The Netflix original series, Stranger Things, took a little town (Hawkins, Indiana) from a different time (1983), and through the terrific medium of modern technology, writing, and television they brought the 1980’s back to life in a sinister psychologically horrifying, coming-of-age nostalgic, 21st century masterpiece.
If you aren’t sold yet here’s the trailer:
When you dive into the Stranger Things rabbit hole you don’t feel like you’re watching a TV show. It is a movie that is broken up into 8 “chapters” with a precise and sophisticated methodology.
Stranger Things is Stand by Me, meets Twilight Zone, meets The Goonies, meets Poltergeist, meets The Breakfast Club, meets ET, meets shitting your pants. But what sets it apart from these prior works is the medium. It is a television show on Netflix. A TV show gives the audience an ample amount of time to connect with the characters and become engulfed in their psychology.
Stranger Things does a fantastic job of manipulating that. The “nice guys finish last” and the “jock always gets the girl” cliches that you see in 80’s movies are brought to the forefront of this season without cheesy stereotypes or blatant predictable narration. Each character is humanized, and we, the audience, get to learn what exactly is going on in Hawkins, Indiana right alongside the characters.
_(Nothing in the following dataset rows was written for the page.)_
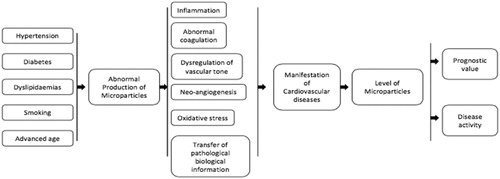 Figure 6. Cardiovascular diseases and microparticles. Flow chart which summarises the role of microparticles in the genesis (related with several risk factors) and manifestation of cardiovascular diseases. Utilisation as biomarkers to assess disease activity/severity, prognosis and treatment guidance is emerging as detection and enumeration methods for microparticles are improving.
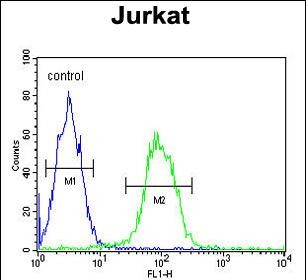 Rabbit Polyclonal Antibody to T150A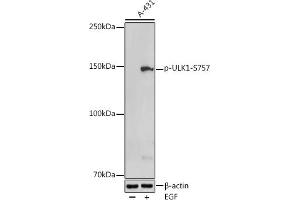 Western blot analysis of extracts of A-431 cells, using Phospho-ULK1-S757 antibody (ABIN6135334, ABIN6136284, ABIN6136285 and ABIN6225646) at 1:500 dilution. (ULK1 anticorps  (pSer757))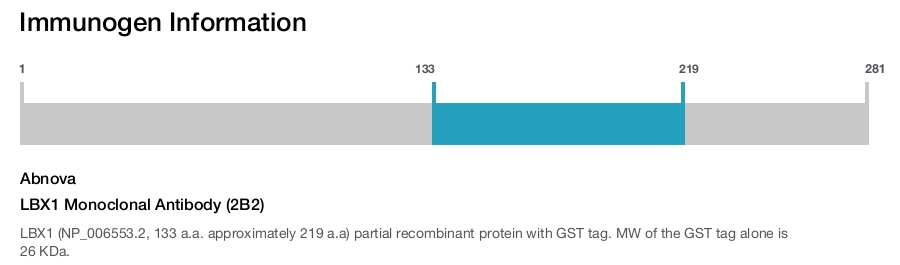 LBX1 Monoclonal Antibody (2B2)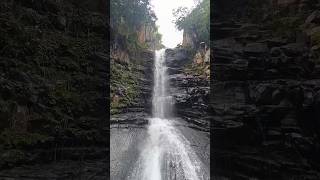 CHAULABHAJA WATERFALL❤ #shorts #viral #trending #music#sound #nature #mayurbhanj #waterfall #short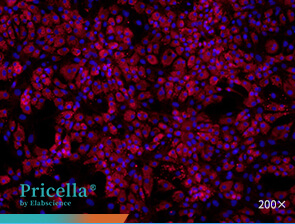 Immunofluorescence assay (Collagen I)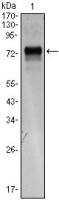 XBP1 antibody [1C4]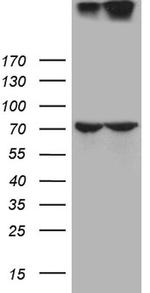 NUP210 Antibody in Western Blot (WB)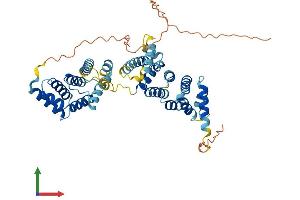 AlphaFold protein structure predicition of Human Recombinant MROH8 Protein, UniprotID Q9H579
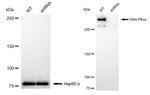 DNA-PK Antibody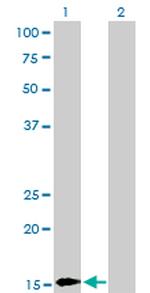 BATF Antibody in Western Blot (WB)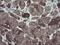 Diphthamide Biosynthesis 2 antibody, NBP2-46475, Novus Biologicals, Immunohistochemistry frozen image 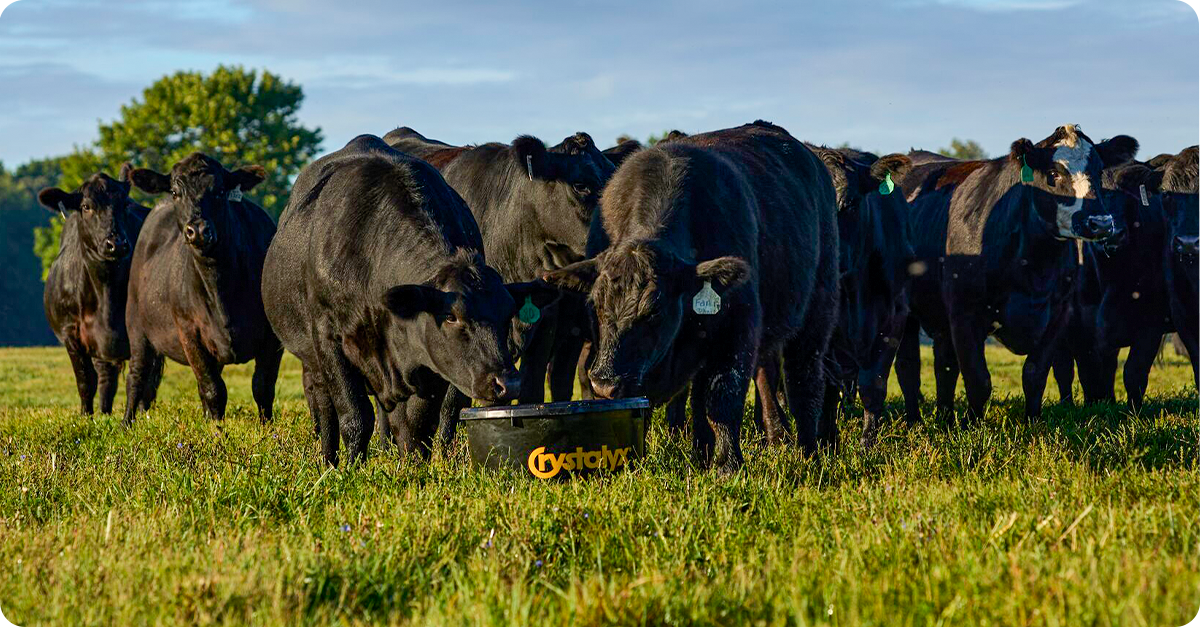 ultimate-guide-to-beef-cattle-protein-supplementation-img25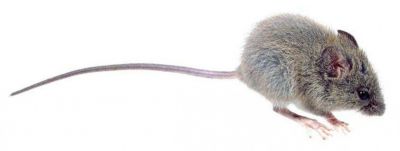 Sigue el alerta y exhortan a prevenir el hantavirus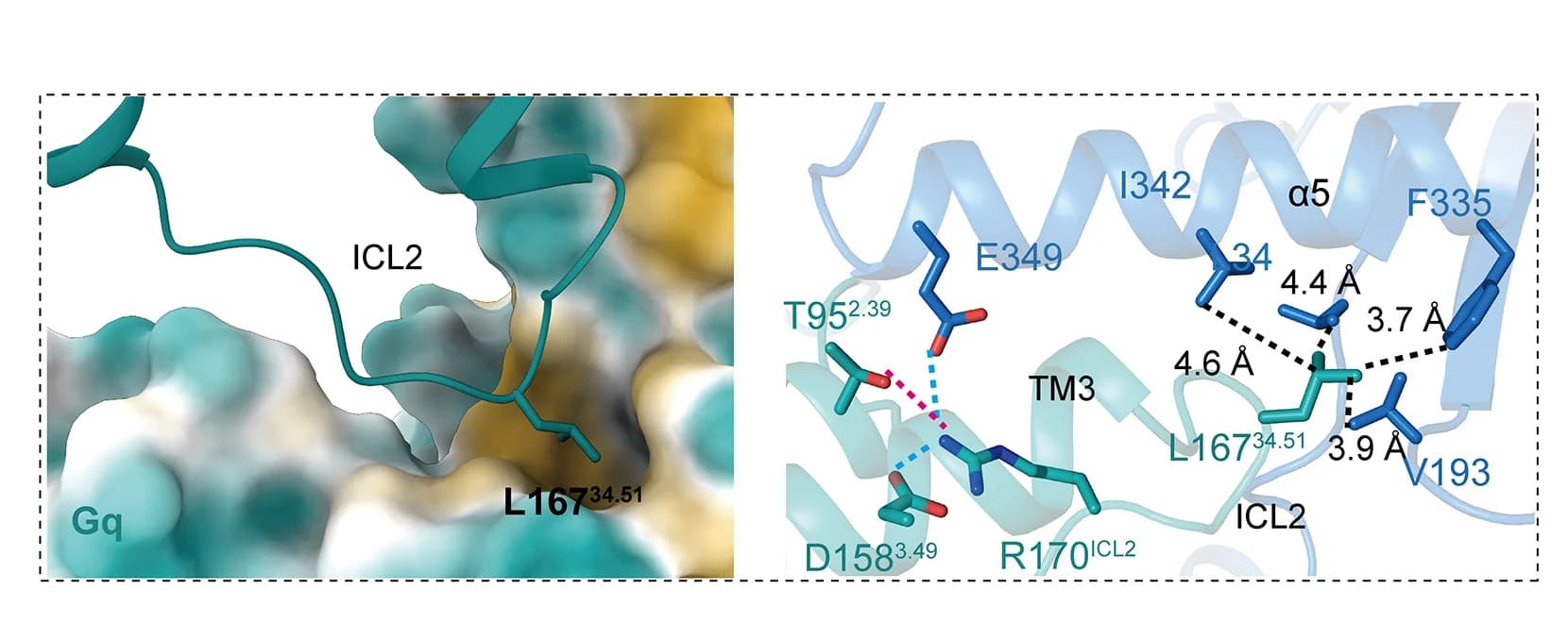 Open access visualization of Protein Structure, Chemical Structure, PrRPR ICL2, Hydrophobic Cavities, G Alpha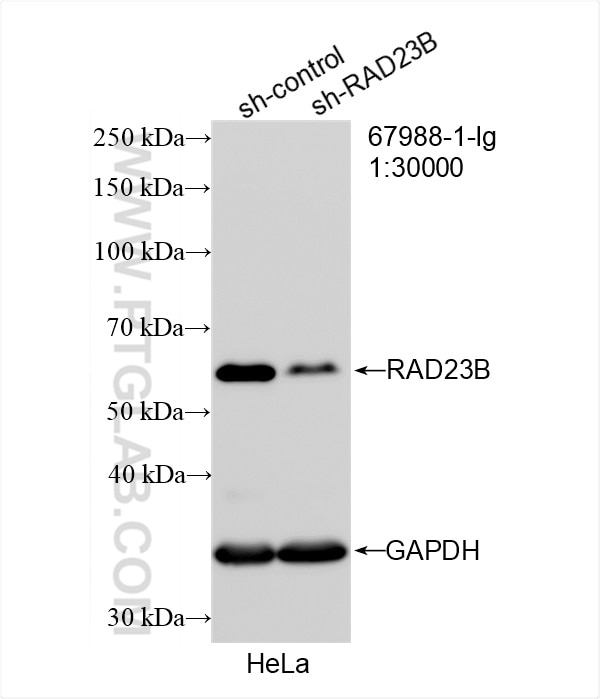 Western Blot (WB) analysis of HeLa cells using RAD23B Monoclonal antibody (67988-1-Ig)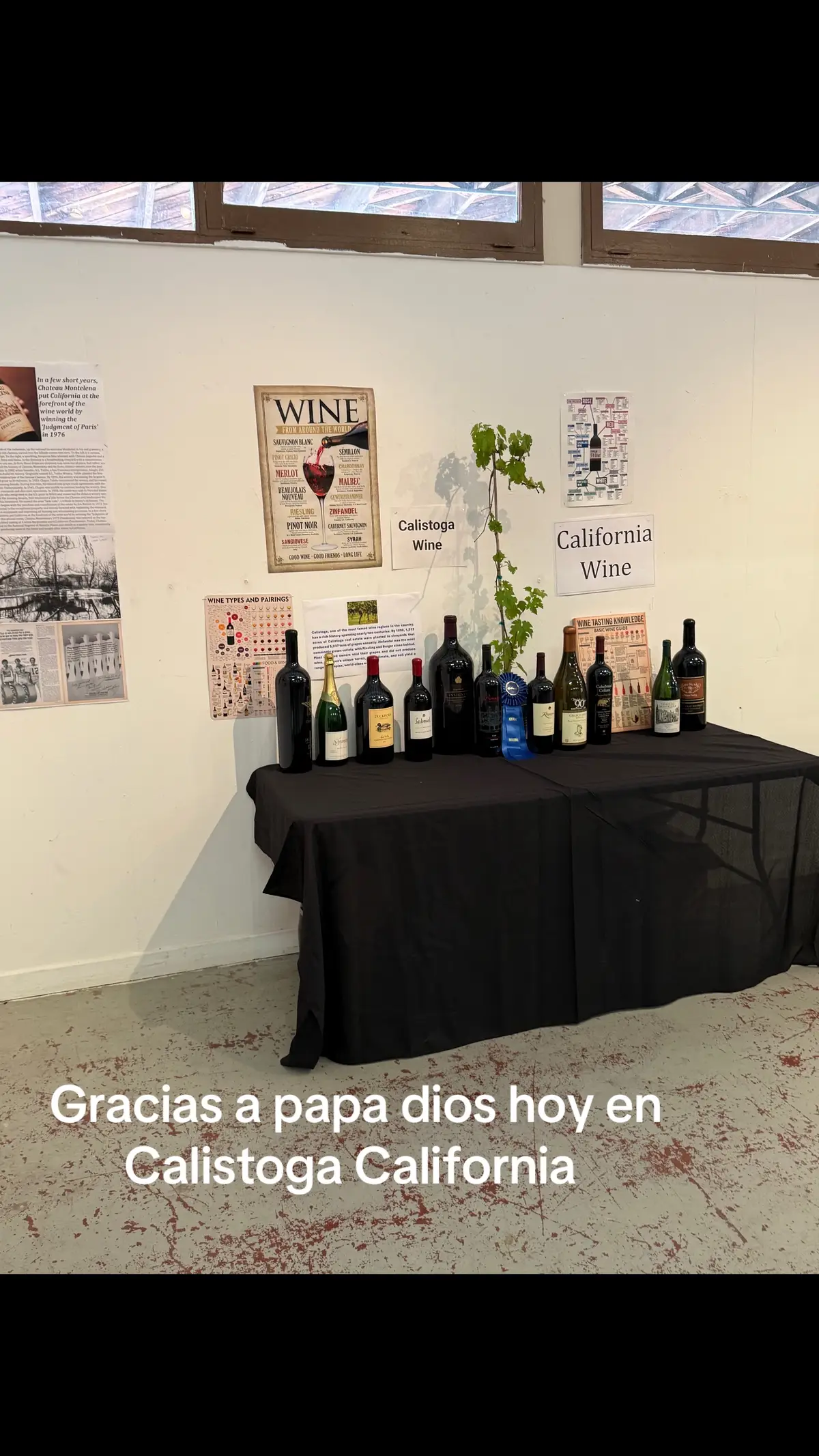 #napa #ayalafarm #piedadayala #fresnostateuniverdidad #ayalafarmspiedadayala #viral #paratiiiiiiiiiiiiiiiiiiiiiiiiiiiiiii #paratiiiiiiiiiiiiiiiiiiiiiiiiiiiiiii #fuerzaregidaoficial #hermanosespinoza #virgendeguadalupe 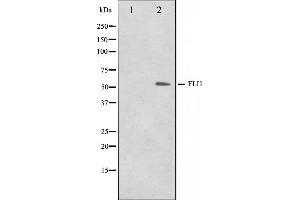 Western blot analysis on NIH-3T3 cell lysate using FLI1 Antibody,The lane on the left is treated with the antigen-specific peptide. (FLI1 antibody  (Internal Region))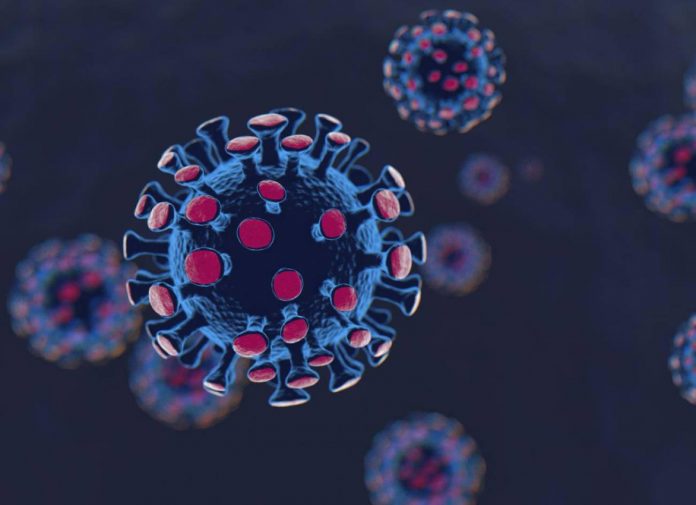 coronavirus coronavirus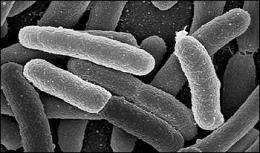 Genomes Of Two Popular Research Strains Of E Coli Sequenced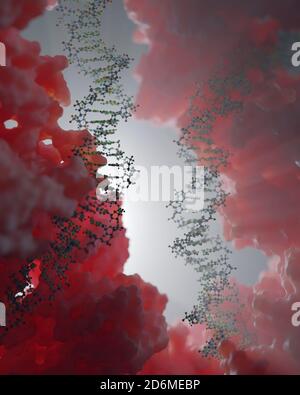 DNA, carrying genetic instructions, resides in the cells nucleus where it interacts with various proteins in various processes, such as replication. Stock Photo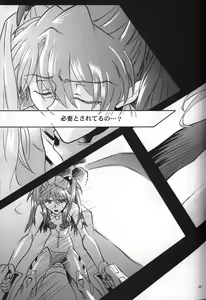 Page 27 of <Shinyaku> neon genesis document G - preview thumbnail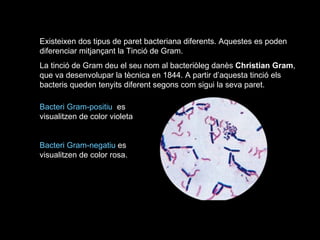 Existeixen dos tipus de paret bacteriana diferents. Aquestes es poden diferenciar mitjançant la Tinció de Gram. La tinció de Gram deu el seu nom al bacteriòleg danès  Christian Gram , que va desenvolupar la tècnica en 1844. A partir d’aquesta tinció els bacteris queden tenyits diferent segons com sigui la seva paret.  Bacteri Gram-positiu   es visualitzen de color violeta  Bacteri Gram-negatiu  es visualitzen de color rosa. 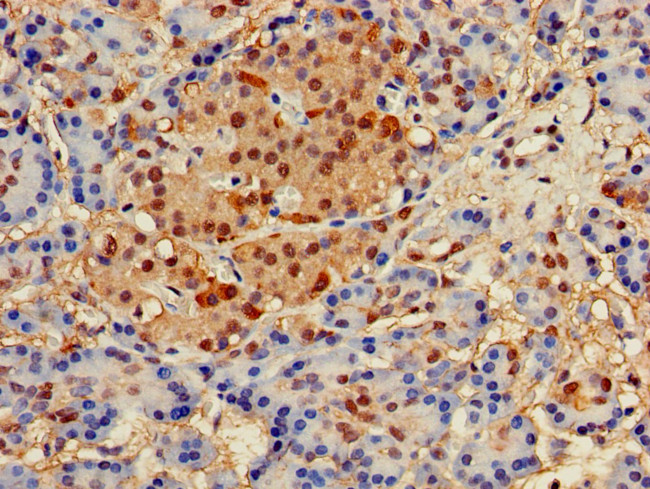 Glypican 4 Antibody in Immunohistochemistry (Paraffin) (IHC (P))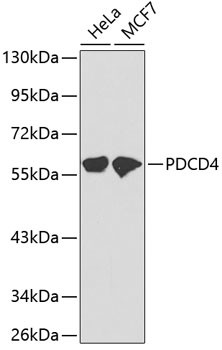 PDCD4 Antibody in Western Blot (WB)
It takes all the elements of a great film, and places them into compartments. The Duffer Brothers (Hidden) directed and produced the season.
They, somehow, were able to take a few groups of protagonists: Joyce Byers (Winona Ryder), Police Chief Hopper (David Harbour), and a group of 12-year-old kids and send them all on separate cinematic-depth-defying adventures and subplots that ultimately led to the same conclusion.
I’ve said enough. I envy you all for still having eight episodes left in your Netflix queue. Harambe speed.
P.S. The soundtrack is one of the best parts of the entire season. I’m talking everything from Twilight Zone synthesizers to The Clash to Peter Gabriel’s cover of David Bowie’s Heroes. It is the glue that holds the entire season together.